Dejarse caer al infierno olía a rendición. Si acaso terminaran allí, no sería
sin antes luchar.
—Podemos intentar escalar —propuso Fiorela.
La idea no era tan alocada en realidad. Trepar a algunas montañas del planeta
como el Everest o el Aconcagua, requería seguramente más esfuerzo aún que el
necesario para salir de este hueco. Además, Román había incursionado en la
espeleología cuando joven y sabía bastante sobre cómo moverse en cuevas y
cavernas.
—Pero no tenemos con qué engancharnos a las paredes —se lamentó el hombre— y
están como cubiertas de moco en algunas partes.

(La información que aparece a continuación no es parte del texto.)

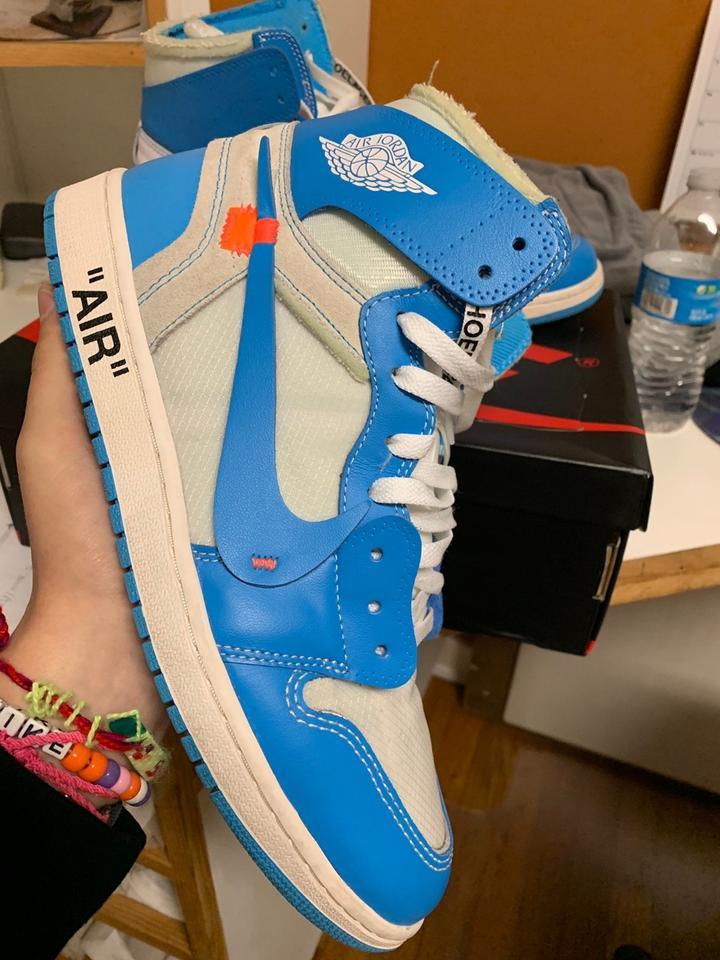 Nike Air Jordan 1 x “Off-White”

—No importa. ¡Subamos! —alentó la mujer.
Treparon y treparon. Los dedos sangraban. Varias uñas habían sido ya arrancadas
sujetándose de lo insujetable. Ambos espíritus sudaban, o al menos eso parecía.
Cuanto más arriba salían, menos sensaciones de cansancio corporal los afectaban.
En lugar de sufrir cada vez más sed, ésta iba diluyéndose. El ardor muscular
acalambrante se suavizaba. Aunque difícil y resbalosa, la pared inmensa del
remolino era escalable. Y a medida que se alejaban del supuesto infierno, más y
más ganas de llegar afuera tenían. |
Habían pasado como dos o tres eternos días escalando. La succión caliente no
dejaba de sorberlos, pero ya conocían bien algunas mañas para evitar caer en
ella. Sólo era como otra fuerza de gravedad, que se sumaba a la tradicional o
mejor dicho, la reemplazaba.
—¡Mirá! —se alegró Román. Hacia arriba, aparecían las primeras luces externas.
Aunque tenues, se distinguían claramente por contraste con el entorno rojizo que
envolvía todo por allí.
Gatearon a rastras con más fuerza todavía. La cavidad resbalaba demasiado.
—Faltan diez o quince metros nada más. ¡Vamos carajo! —se impulsó el hombre. Era
increíble pero estaban emergiendo casi. Había sido la decisión correcta no
dejarse caer. Ellos no pertenecían a la horrorosa y profunda ciénaga de espanto
que los absorbía con complejo de gravedad.
—¡Papá! ¡Mamá! —sonó desde la superficie.